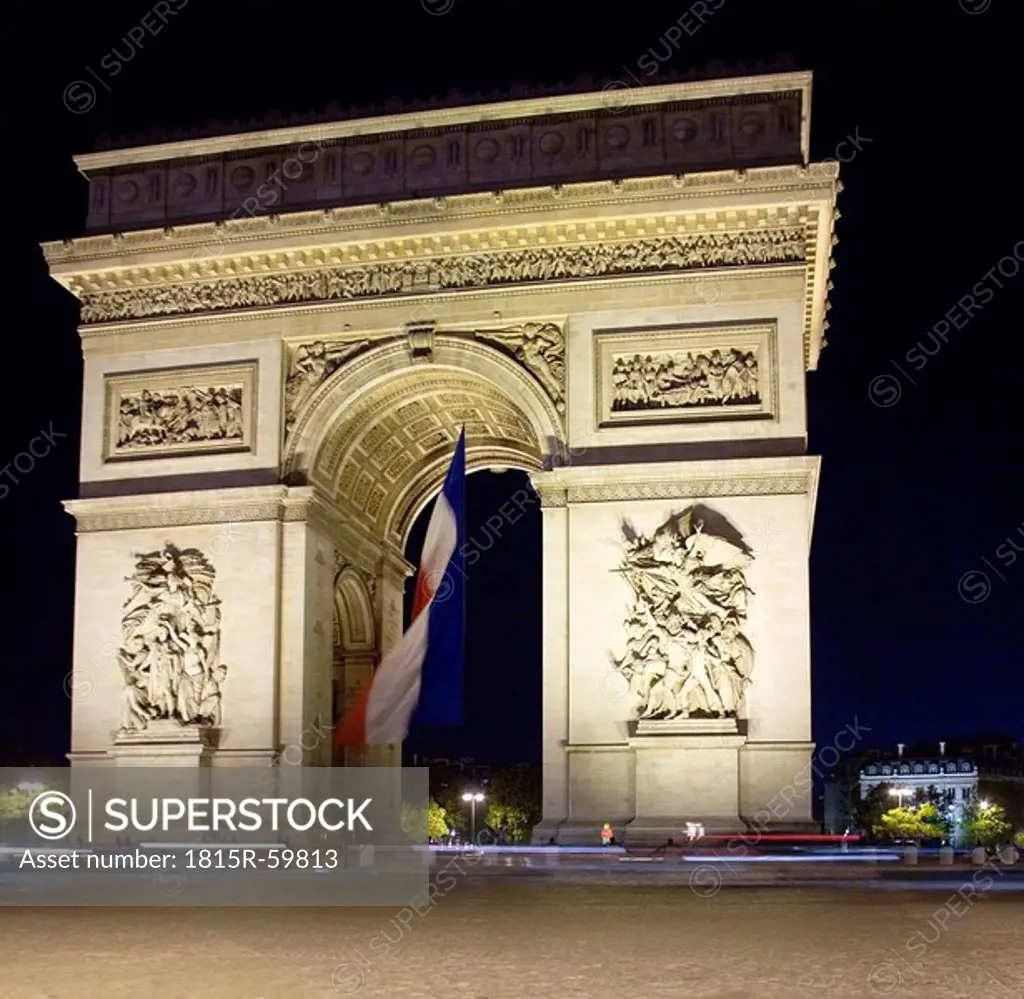 France, Paris, Arc de Triomphe, Place Charles De Gaulle at night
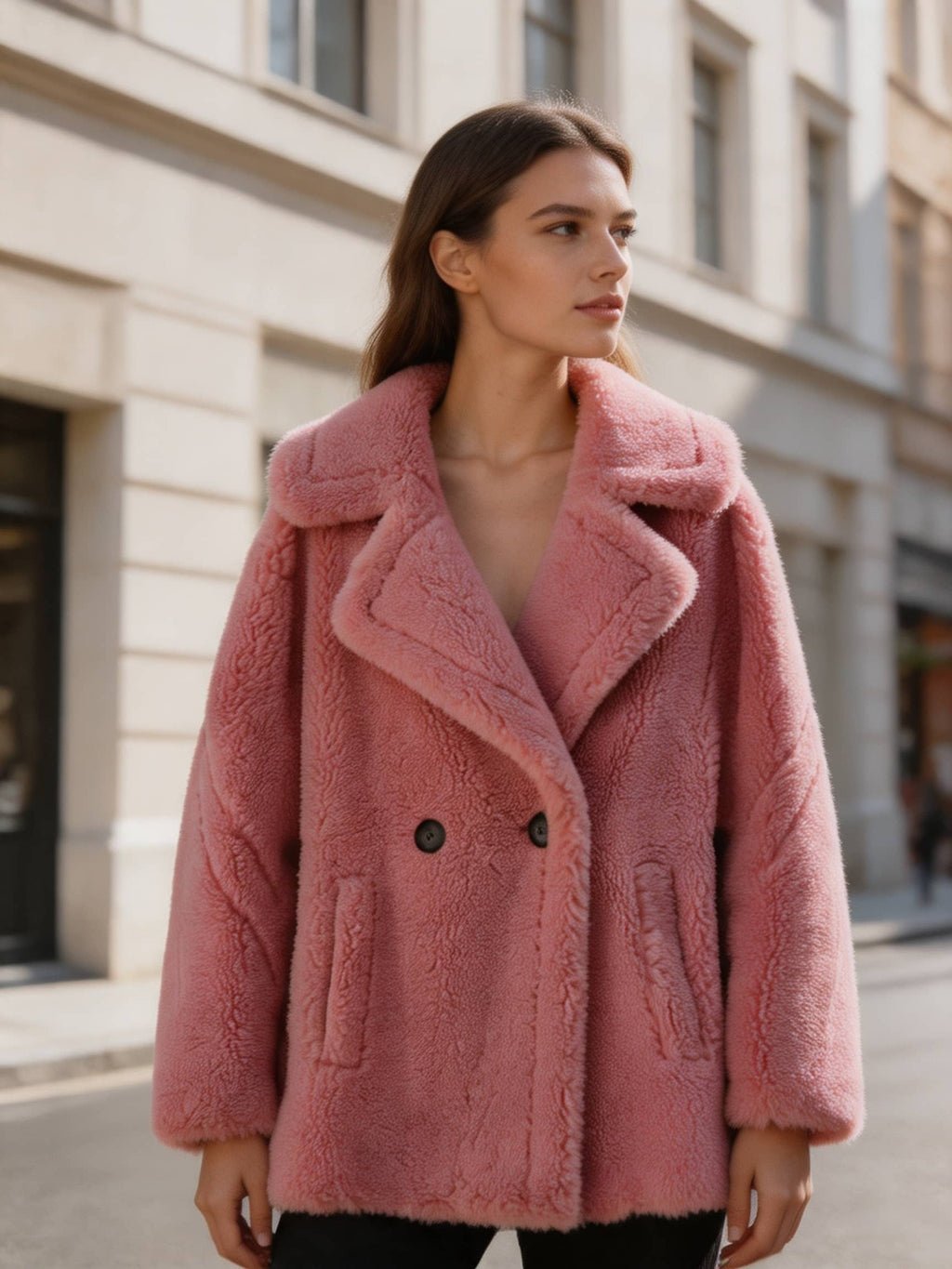 Medium shot of a model wearing a dusty pink double-breasted shearling pea coat with wide lapels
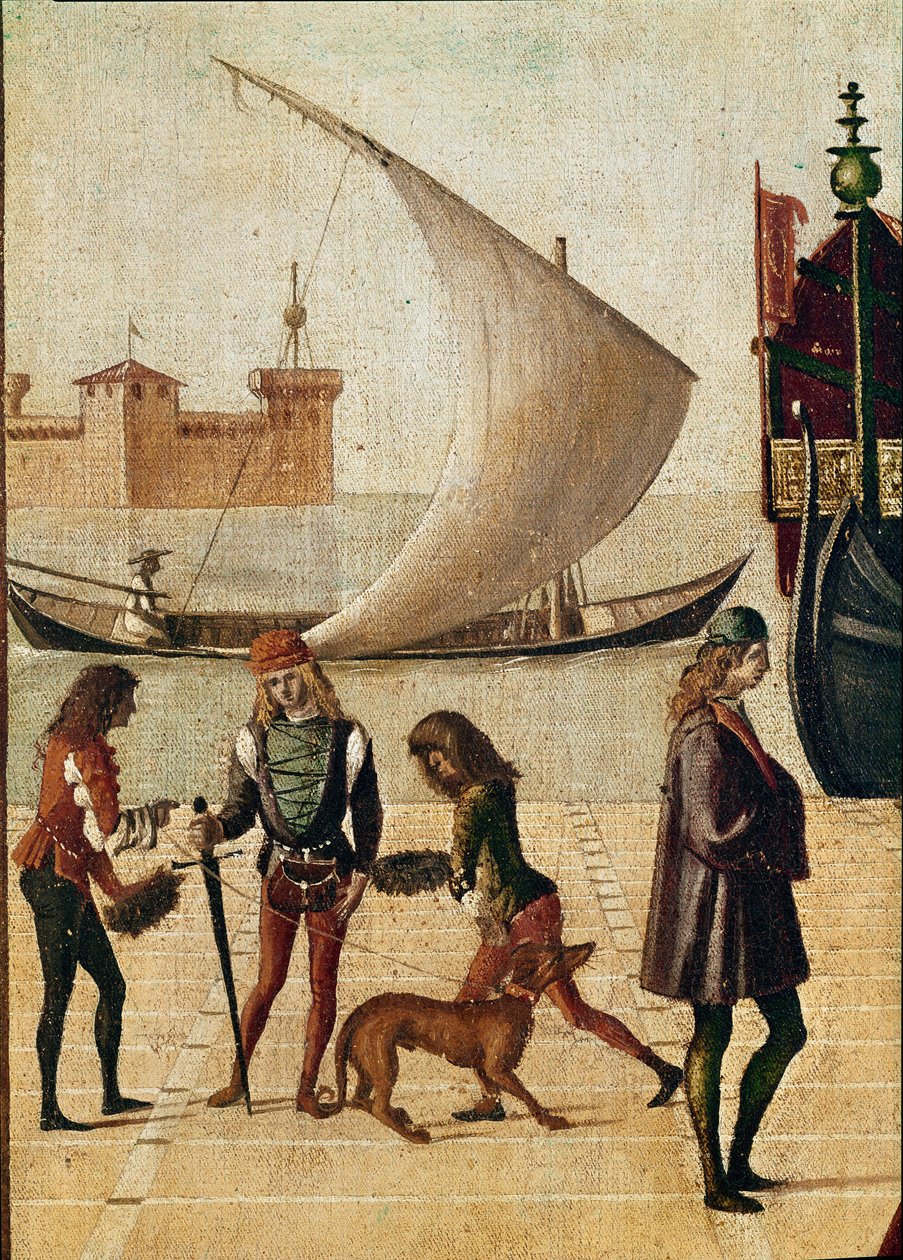 Legend of St Ursula: detalj ankomst av ambassadörerna (från den gyllene legenden av Jacopo da Varagine) (temperaa på duk av Vittore Carpaccio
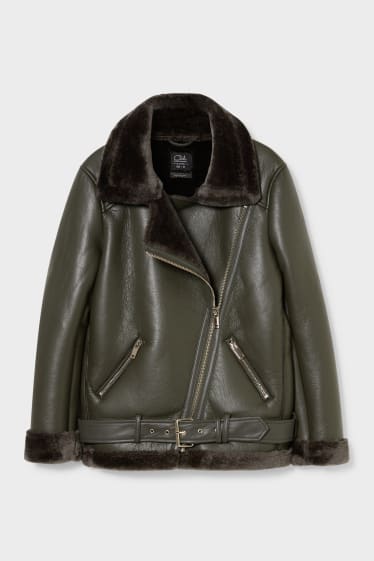 Women - CLOCKHOUSE - biker jacket with faux fur trim - lined - dark green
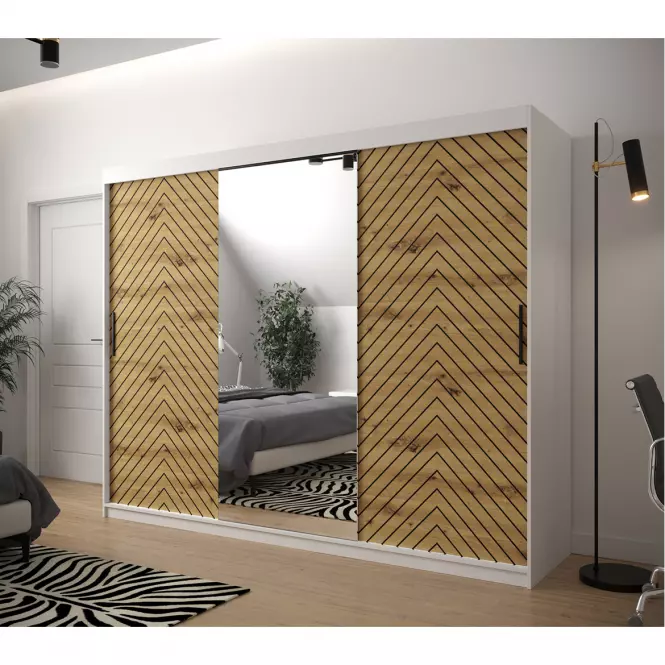 Skriňa Jodełka 2 250 biely/dub Artisan/čierna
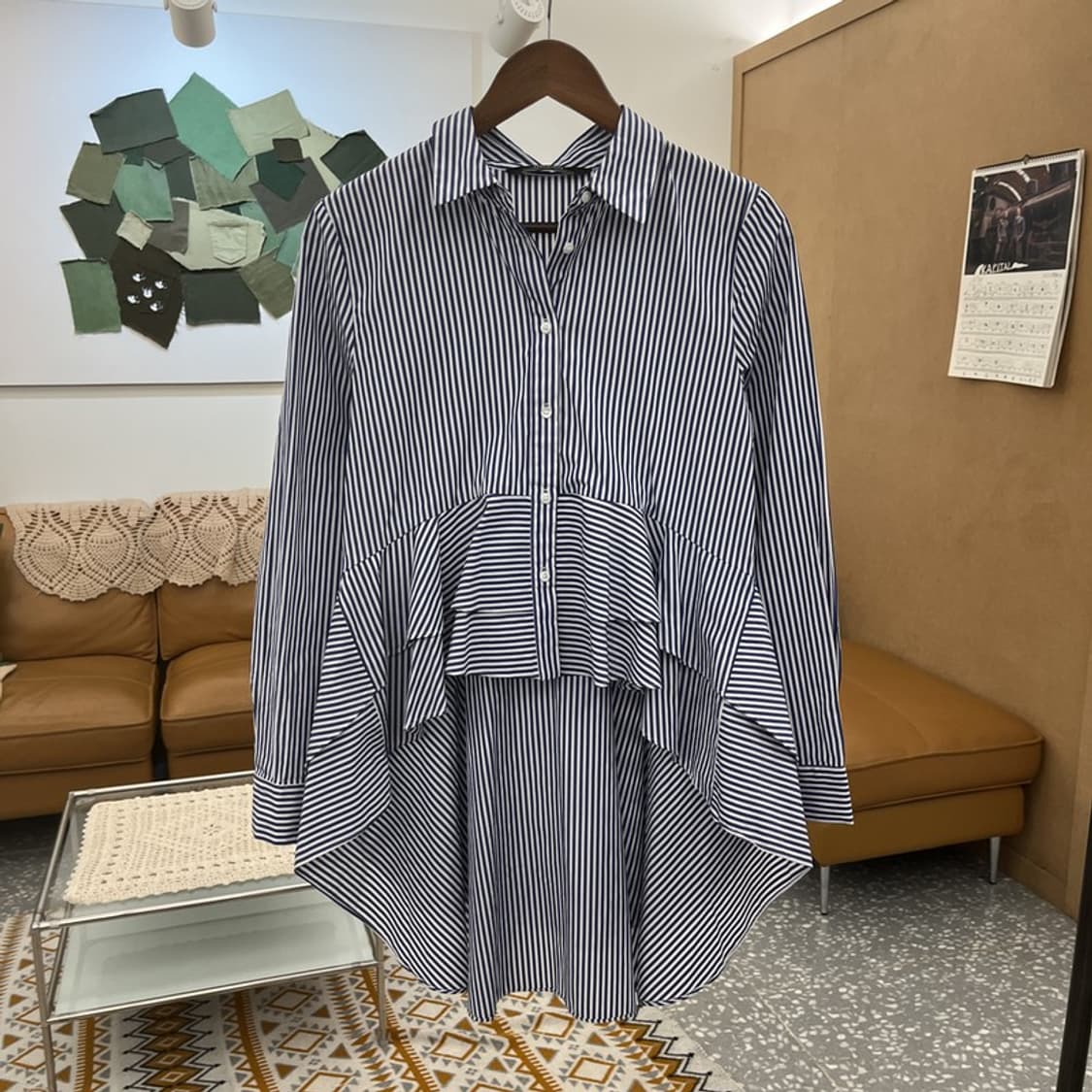 자라 빈티지 드레이프 프릴 드레스 블라우스 셔츠 M C10705 상품이미지3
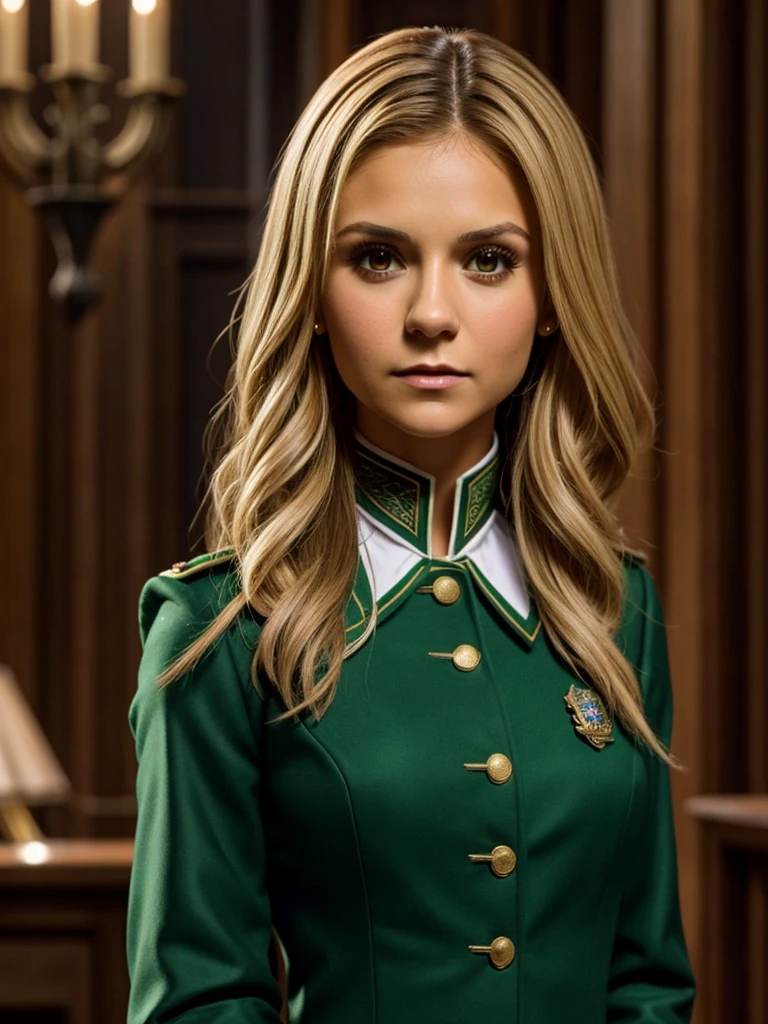 nina dobrev as a blonde, dressed in a hogwarts slytherin uniform from harry potter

• _What needs to be done_: Please set down the lines from the one with "Skriňa Jodełka 2" to the end of the entries above, exactly as they are, and drop every picture.

• _Result_:
 Skriňa Jodełka 2 250 biely/dub Artisan/čierna
 자라 빈티지 드레이프 프릴 드레스 블라우스 셔츠 M C10705 상품이미지3
 nina dobrev as a blonde, dressed in a hogwarts slytherin uniform from harry potter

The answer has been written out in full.